--- Given data Enclosed Below ---
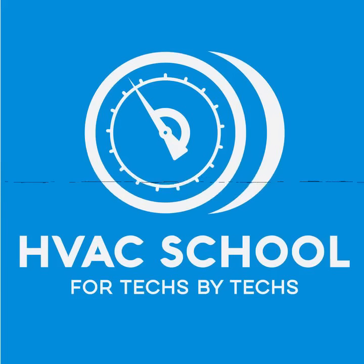I've been using Field Piece since I started in the trade. They now make a vacuum pump and recovery machine that I really like. I've done videos on both on my channel as well as the TruTech Tools channel — the VP85 vacuum pump and the MR45 recovery machine. Both are great devices that I know you will enjoy.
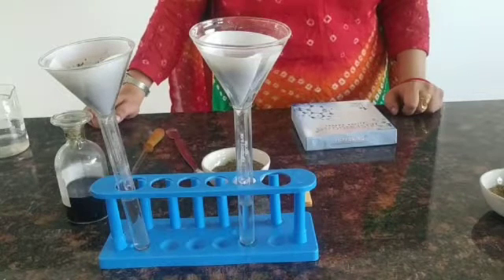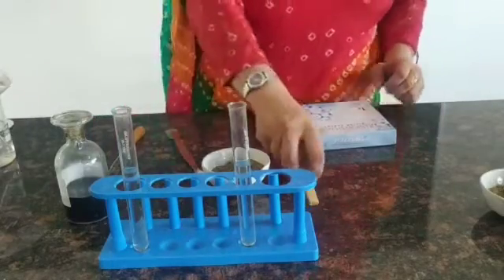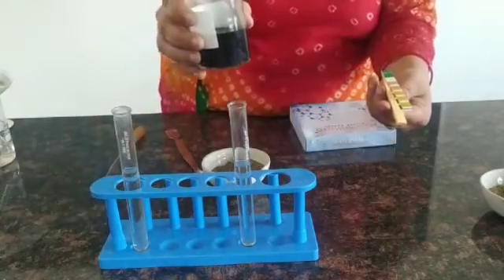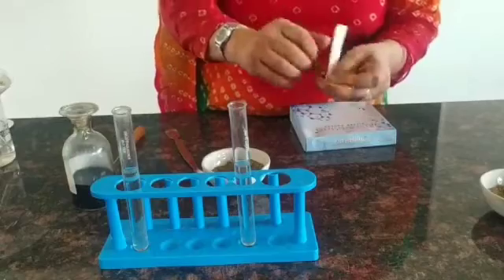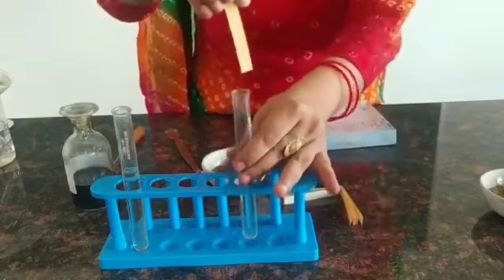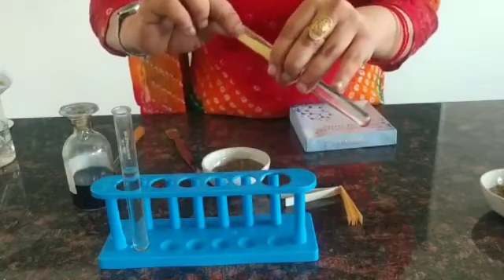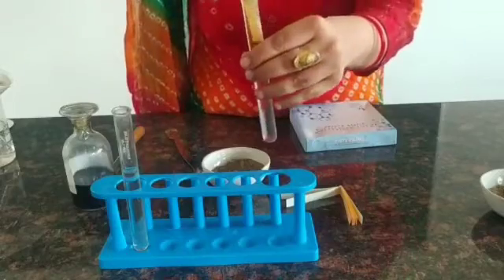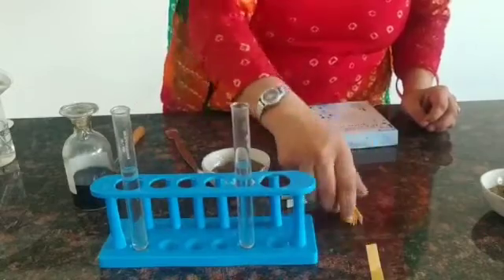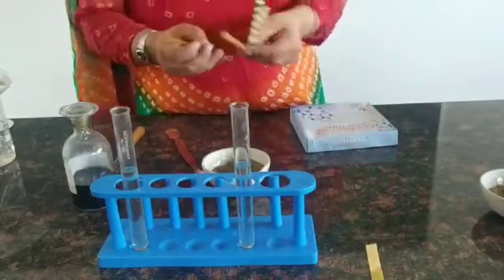When the water passes through, it is collected in the test tube. Now we are going to take the pH paper. We will use the universal indicator also. We'll take a strip of pH paper and dip it inside the first test tube, let it dry for some time, and then check the pH by comparing it with the pH chart.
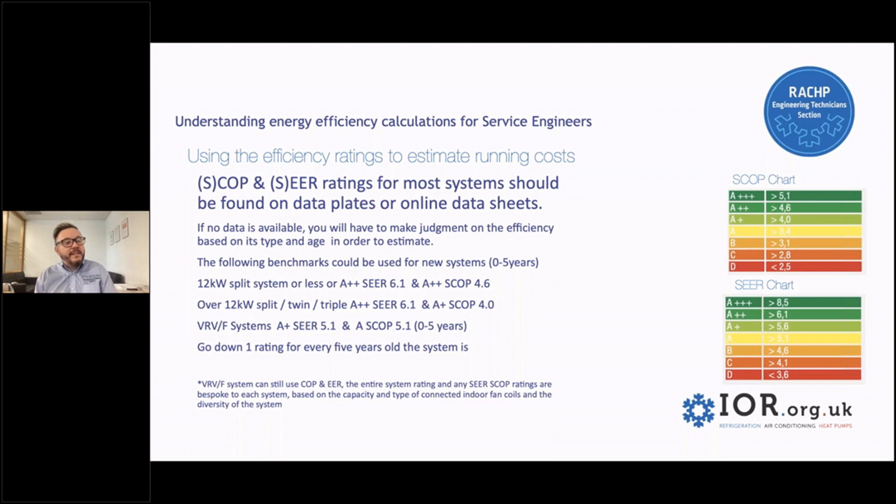If I were looking at a system that's over 12 kilowatt — it might be a split, a twin, or a triple — then I'd probably be looking at calculating using A++ and A+, so I'd have a CER rating of 6.1 again, and a SCOP rating of 4.0.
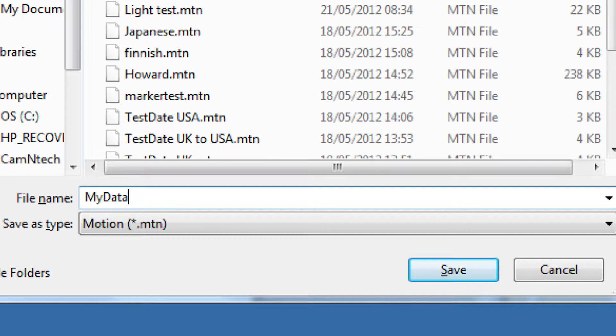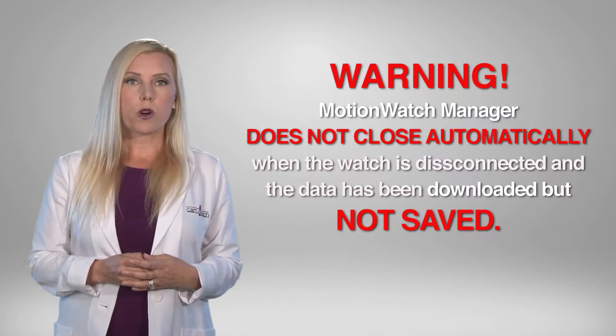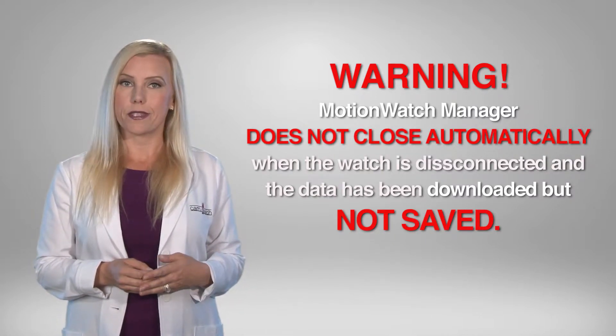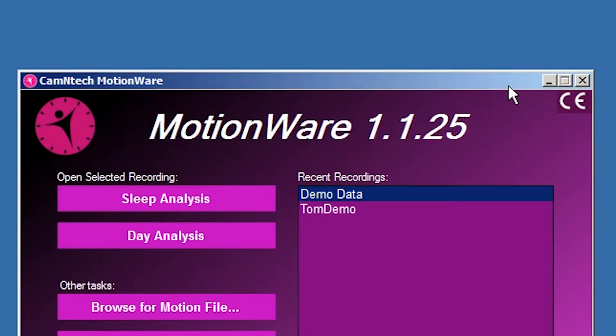If you do not wish to save the file, click the Cancel button to return to the MotionWatch Manager. Remember that the MotionWatch Manager will not automatically close when the MotionWatch is disconnected if data has been downloaded and not saved. This serves as a reminder to save the data. You may manually close the window if the data is not required.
--- End of Enclosed Given data ---
**Assigned task:** The lines running from the beginning of the listing above through the line that holds "When the water" are to be duplicated exactly, both ends kept, pictures omitted.

**Response:**
I've been using Field Piece since I started in the trade. They now make a vacuum pump and recovery machine that I really like. I've done videos on both on my channel as well as the TruTech Tools channel — the VP85 vacuum pump and the MR45 recovery machine. Both are great devices that I know you will enjoy.
When the water passes through, it is collected in the test tube. Now we are going to take the pH paper. We will use the universal indicator also. We'll take a strip of pH paper and dip it inside the first test tube, let it dry for some time, and then check the pH by comparing it with the pH chart.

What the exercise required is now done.